Eva Baronsky schickt Mozart auf eine Zeitreise ins Wien von heute

  • Simone Schmollack
  • Lesedauer: 3 Min.

Das ist sicher jedem schon mal passiert: Man schlägt die Augen auf am Morgen und weiß nicht, wo man ist. Einem Prominenten geht es genauso: Wolfgang Amadeus Mozart – im Debütroman von Eva Baronsky »Herr Mozart wacht auf«. Nur dass sich Mozart nicht in einem fremden Bett wiederfindet, sondern in einem anderen Jahrhundert.

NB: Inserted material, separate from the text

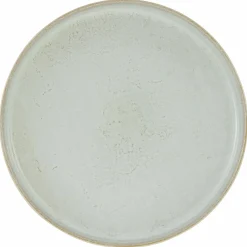 CreaTable Speiseteller 28cm weiß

Zeitreisen sind bei Autoren immer wieder beliebtes Stilmittel, Geschichten unverkrampft zu erzählen und auf heitere Weise Gesellschaftskritik zu üben. Bei der 41-jährigen Innenarchitektin, Kommunikationsberaterin und Journalistin ist es aber noch mehr: Eine Liebeserklärung an einen der größten Musiker.

Nachdem der »compositeur« auf einer Matratze erwacht, offensichtlich nach einer durchzechten Nacht (das letzte, woran er sich auf seinem Sterbebett erinnert, ist der Aderlass), zunächst kotzt und dann in eine Teetasse pinkelt, ist er komplett irritiert. Auf einem T-Shirt entdeckt er die Buchstaben AC/DC. Er rätselt, was das heißen soll und kommt schließlich zu dem Schluss, dass das nichts anderes bedeuten kann als »Adorate, Cherubim, Dominum Cantu! Betet an, ihr Engel, den Herrn mit eurem Gesang.« Wie herrlich! Er ist glücklich und singt es gleich. Was Mozart in diesem Moment noch nicht weiß: dass er sich nicht im Wien des Jahres 1791 (sein Sterbejahr) befindet, sondern 2006 in einer Studenten-WG.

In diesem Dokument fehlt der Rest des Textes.